And some possible don'ts:

  • don't part with your cash up front. Remember you'd be doing so on the offchance that this bike is a good match for you. I can understand why an LBS might say this, but they're being unreasonable if they're seriously wanting to sell bikes. Why should you take the risk? Find a bike shop that's prepared to let you test without obligation.
  • when you do make a decision, try not to break the bank. You say this is your first road bike? Well, one of two things is going to happen. Either you'll decide that cycling isn't for you and the bike will gather dust in the garage (in which case you wasted any money you spent).
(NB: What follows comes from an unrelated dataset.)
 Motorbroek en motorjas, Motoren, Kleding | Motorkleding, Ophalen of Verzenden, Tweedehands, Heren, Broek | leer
Or, you'll get so into cycling that after a while you'll decide that the only reason you're not riding faster and longer is because of the limitations of your bike, and you'll start wanting a new one. So my advice is to save your money for the second bike. And for the second bike I guarantee you'll know exactly what bike you want and nothing anyone says on forums such as this will make any difference.

As regards which groupset - go for the best one you can afford. The reason for this is that groupsets cost a lot less when they're bought as part of a bike rather than separately. If you get a lesser groupset now, and want to upgrade parts later, it will work out expensive. That's just down to the manufacturers' ability to bulk buy.
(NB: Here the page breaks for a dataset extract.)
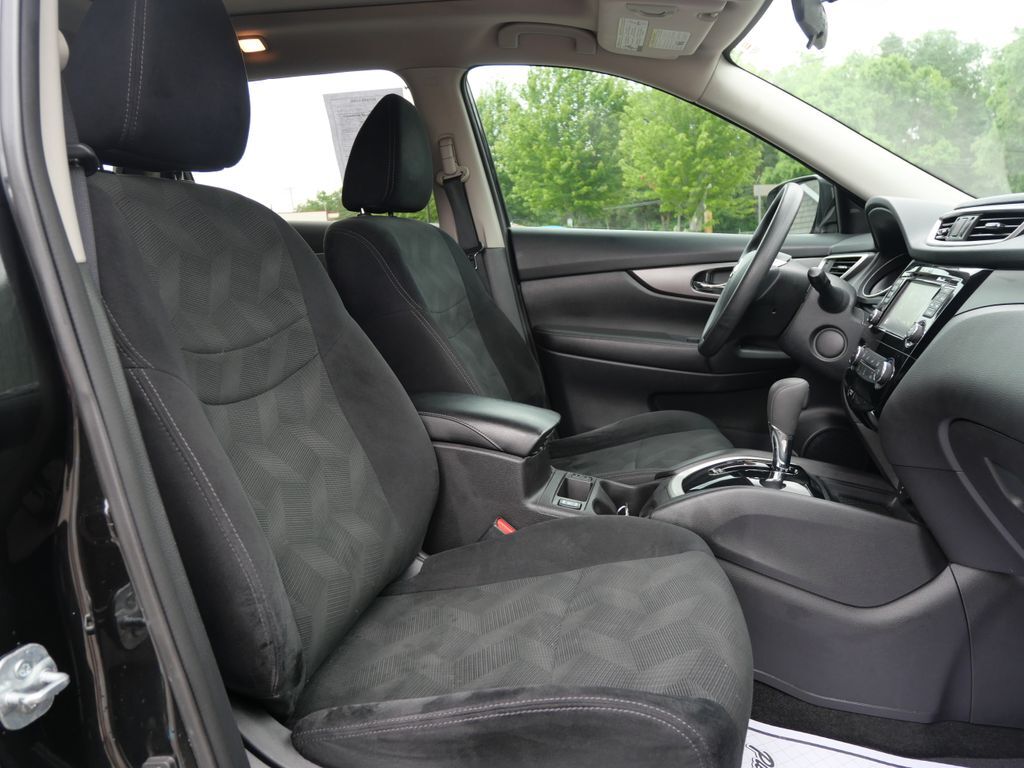 2016 Nissan Rogue SV Mt Pleasant MI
Note also that while Tiagra is ok it is definitely not "elite". I have a bike with an old 9sp Tiagra group, which I would say is acceptable, but if you want "elite" you're looking at Dura Ace or Ultegra, which puts you in a different ball park with regard to cost. My only experience of Sora was testing a bike a few years back - the big limitation then was crappy shifters - although I believe the Sora range now has the same style shifters as the higher ranges. I suspect if you tested Tiagra and Sora side-by-side you'd find either to be acceptable but neither would be brilliant. If you can go higher (105 or Ultegra), great, but be wary about choosing anything lower than Sora.